■ Image-caption web data
···

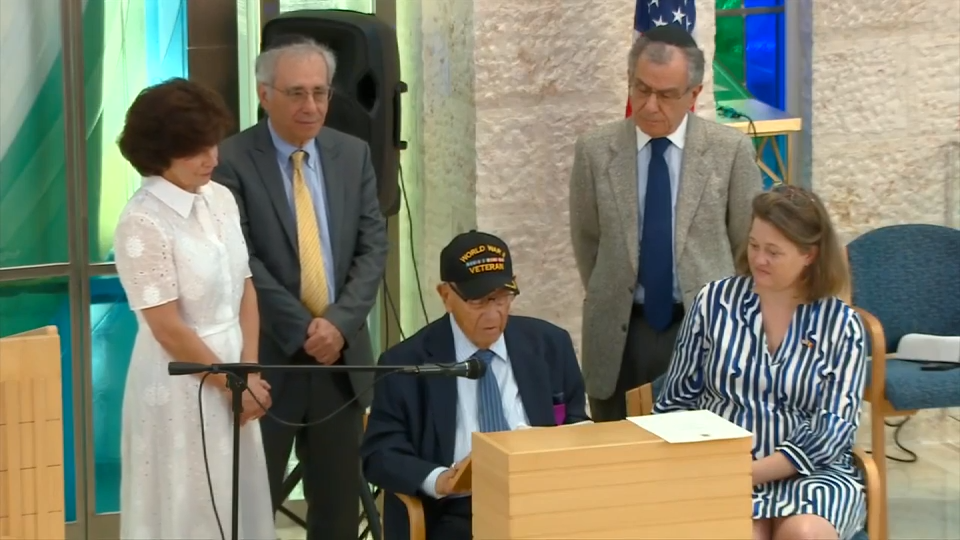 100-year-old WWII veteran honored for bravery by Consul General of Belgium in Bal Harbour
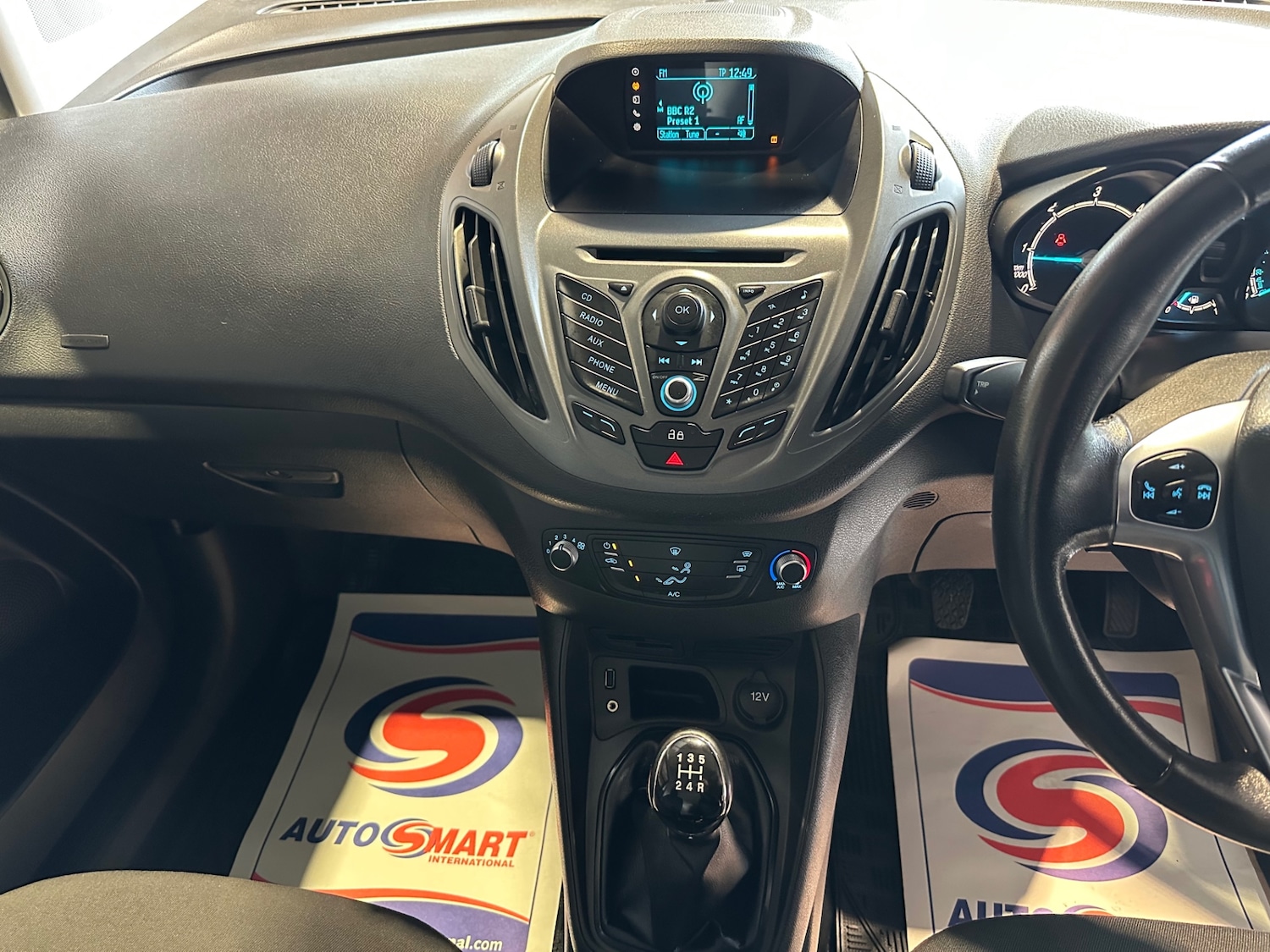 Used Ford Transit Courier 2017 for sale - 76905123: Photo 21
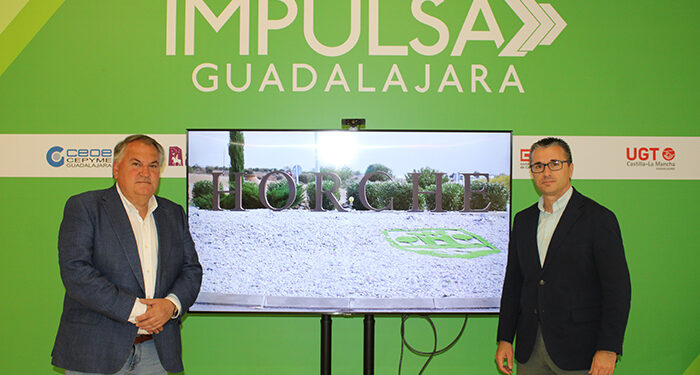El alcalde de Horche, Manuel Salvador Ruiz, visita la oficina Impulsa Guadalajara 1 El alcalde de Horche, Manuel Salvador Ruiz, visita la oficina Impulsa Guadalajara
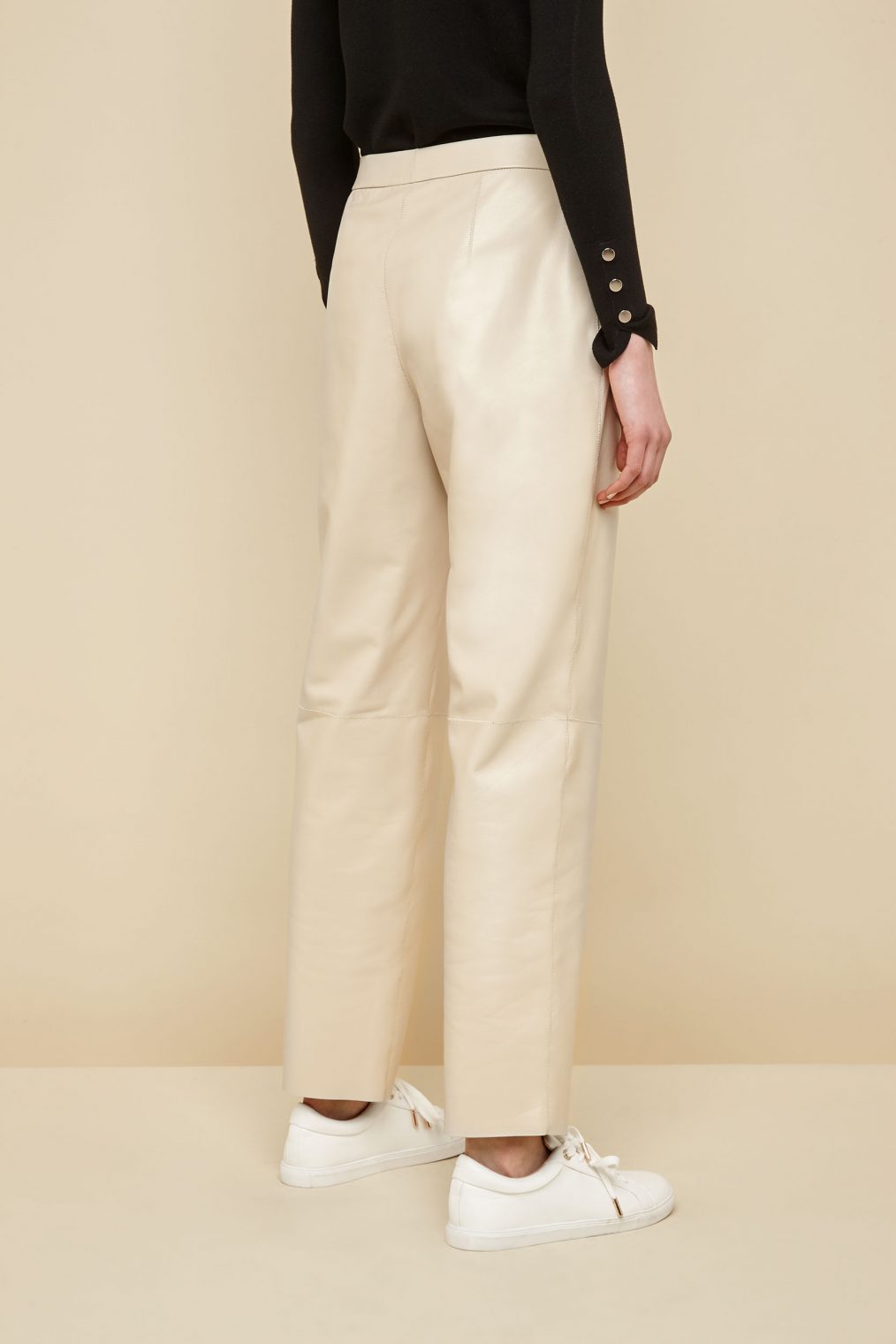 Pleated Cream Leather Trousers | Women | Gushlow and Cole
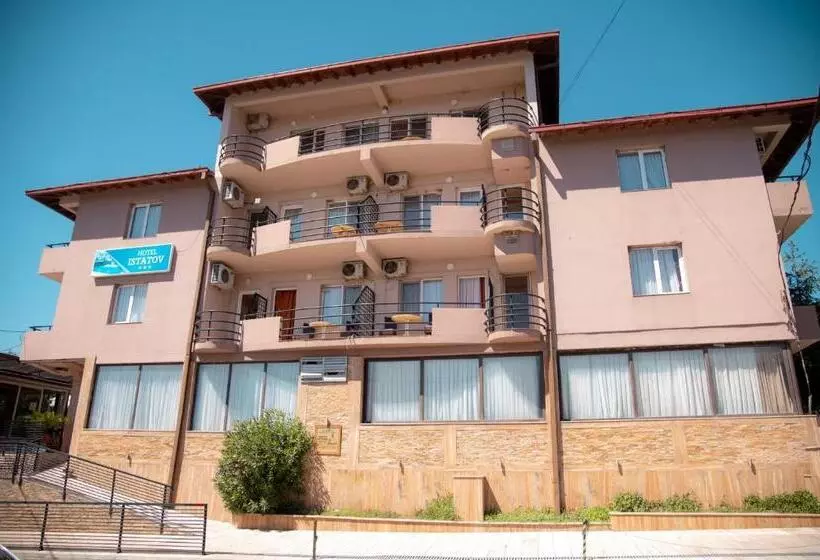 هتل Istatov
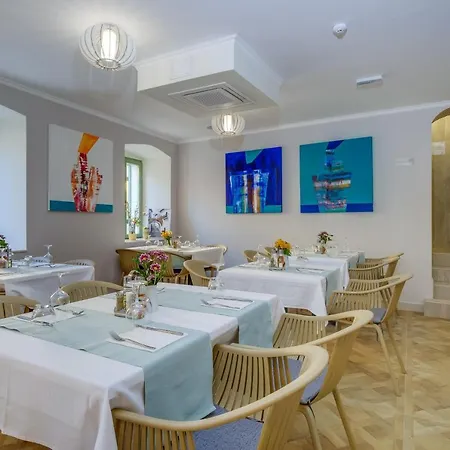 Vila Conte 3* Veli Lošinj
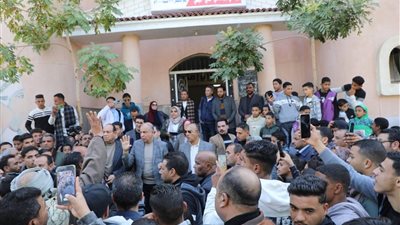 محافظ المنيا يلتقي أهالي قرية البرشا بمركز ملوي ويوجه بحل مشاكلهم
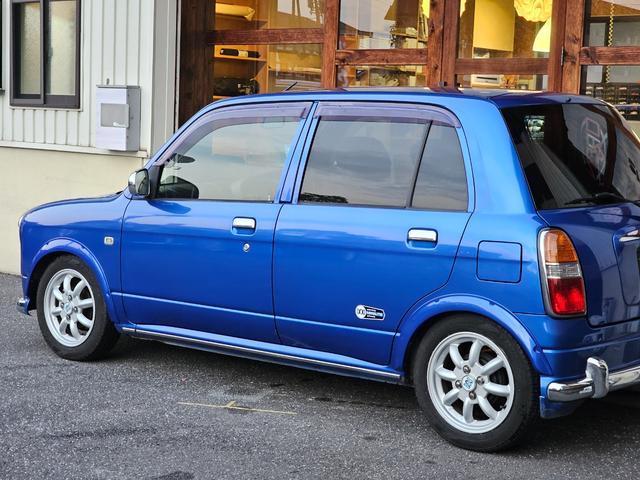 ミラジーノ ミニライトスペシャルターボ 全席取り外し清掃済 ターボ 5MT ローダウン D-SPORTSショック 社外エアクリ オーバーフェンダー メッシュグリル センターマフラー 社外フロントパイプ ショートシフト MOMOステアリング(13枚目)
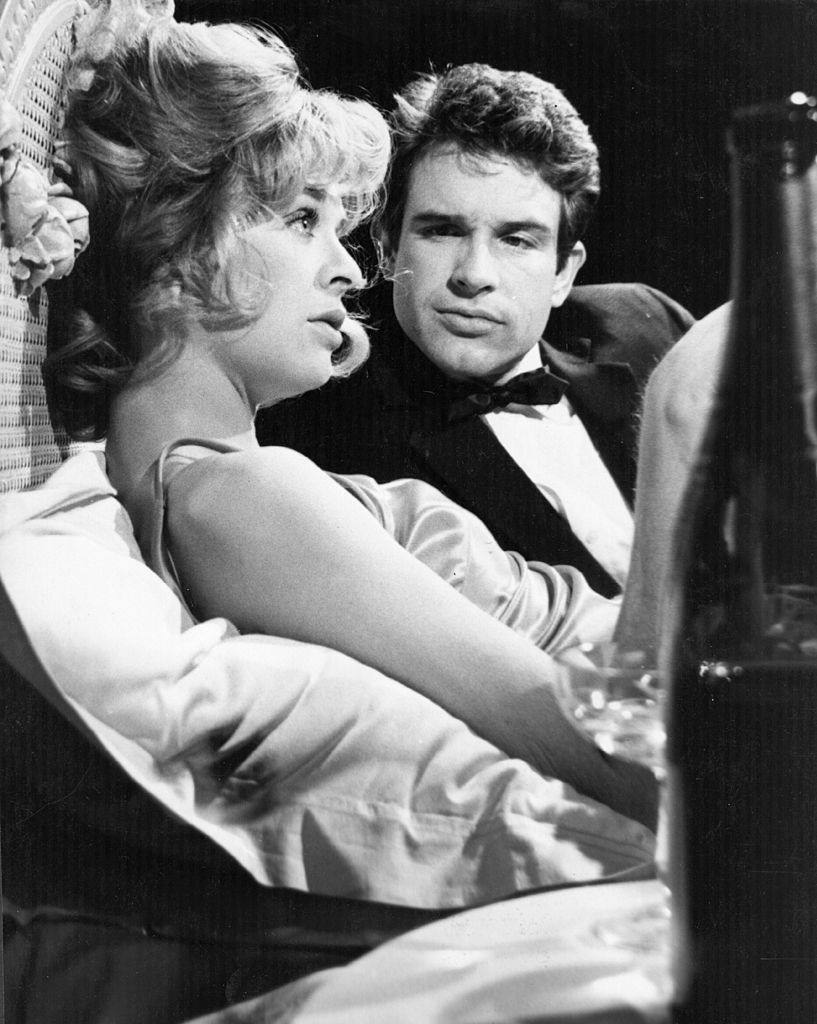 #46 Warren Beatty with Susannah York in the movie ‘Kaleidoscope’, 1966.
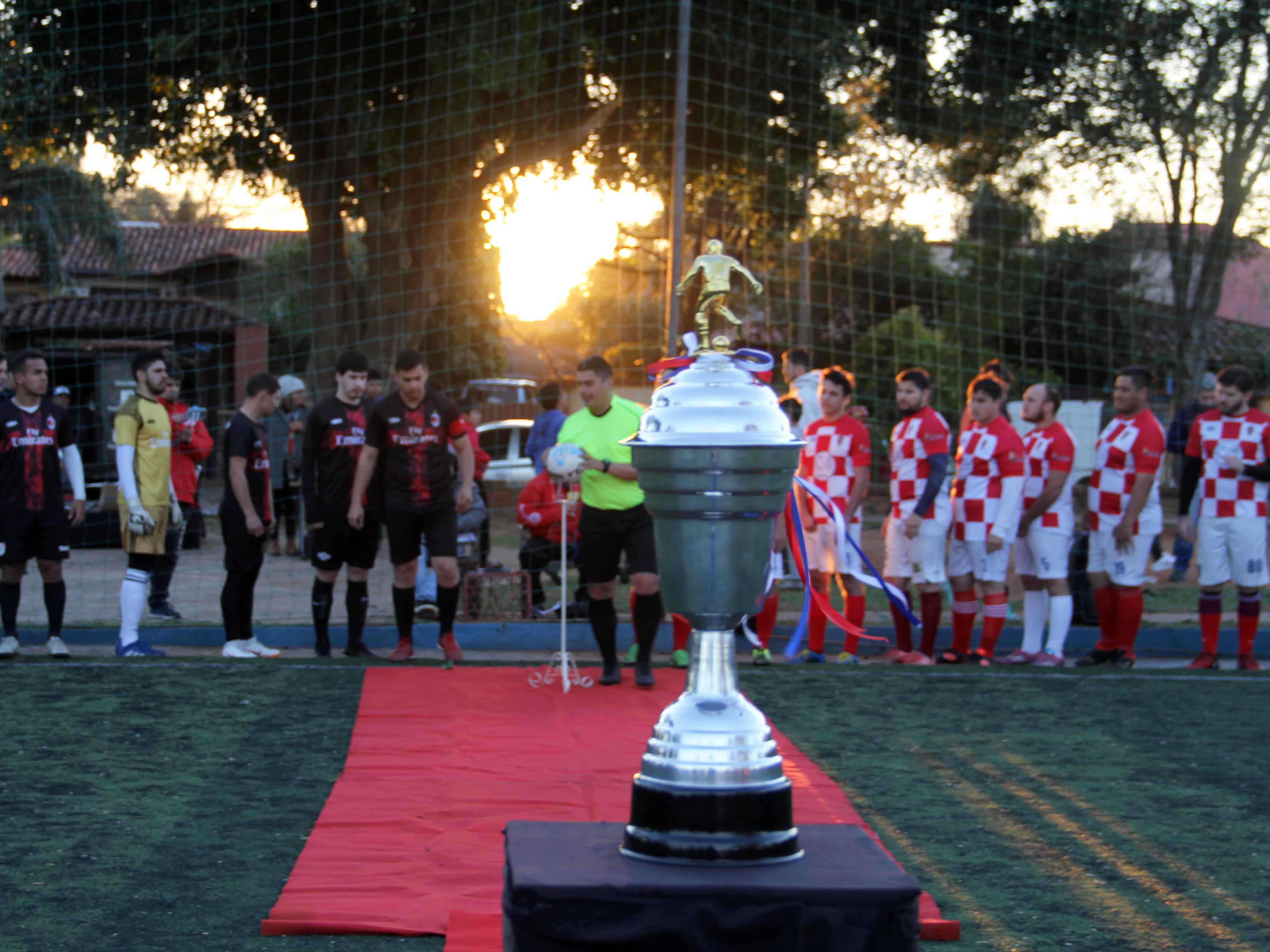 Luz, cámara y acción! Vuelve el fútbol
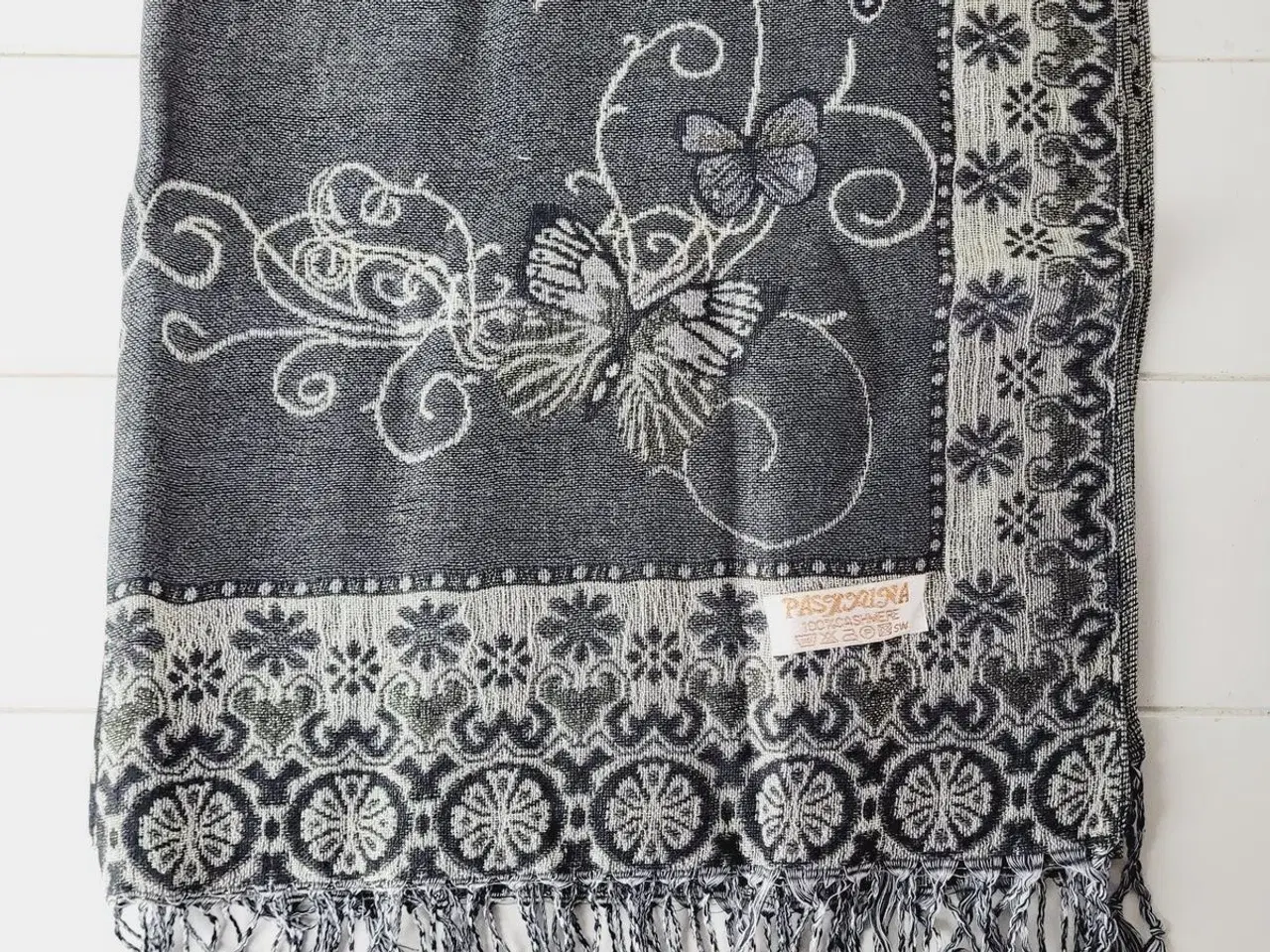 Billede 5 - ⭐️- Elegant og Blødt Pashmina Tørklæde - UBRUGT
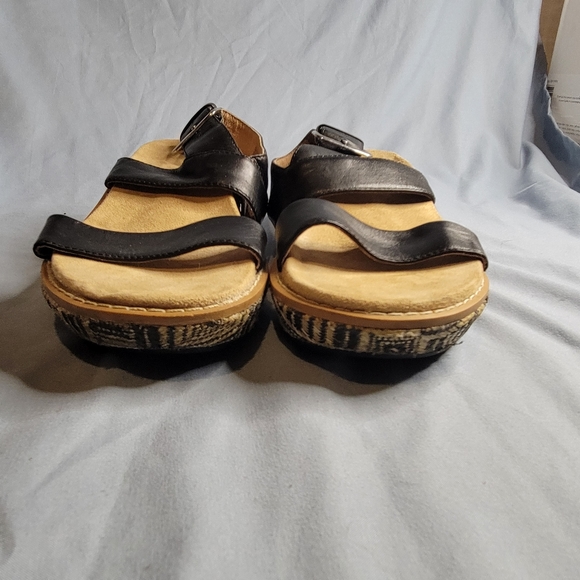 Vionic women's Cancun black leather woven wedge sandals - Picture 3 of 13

···

■ TASK TO COMPLETE
Apart from the pictures, which are to be omitted, every record must be transcribed exactly.

■ ANSWER BOX
 100-year-old WWII veteran honored for bravery by Consul General of Belgium in Bal Harbour
 Used Ford Transit Courier 2017 for sale - 76905123: Photo 21
El alcalde de Horche, Manuel Salvador Ruiz, visita la oficina Impulsa Guadalajara 1 El alcalde de Horche, Manuel Salvador Ruiz, visita la oficina Impulsa Guadalajara
 Pleated Cream Leather Trousers | Women | Gushlow and Cole
 هتل Istatov
 Vila Conte 3* Veli Lošinj
 محافظ المنيا يلتقي أهالي قرية البرشا بمركز ملوي ويوجه بحل مشاكلهم
 ミラジーノ ミニライトスペシャルターボ 全席取り外し清掃済 ターボ 5MT ローダウン D-SPORTSショック 社外エアクリ オーバーフェンダー メッシュグリル センターマフラー 社外フロントパイプ ショートシフト MOMOステアリング(13枚目)
 #46 Warren Beatty with Susannah York in the movie ‘Kaleidoscope’, 1966.
 Luz, cámara y acción! Vuelve el fútbol
 Billede 5 - ⭐️- Elegant og Blødt Pashmina Tørklæde - UBRUGT
 Vionic women's Cancun black leather woven wedge sandals - Picture 3 of 13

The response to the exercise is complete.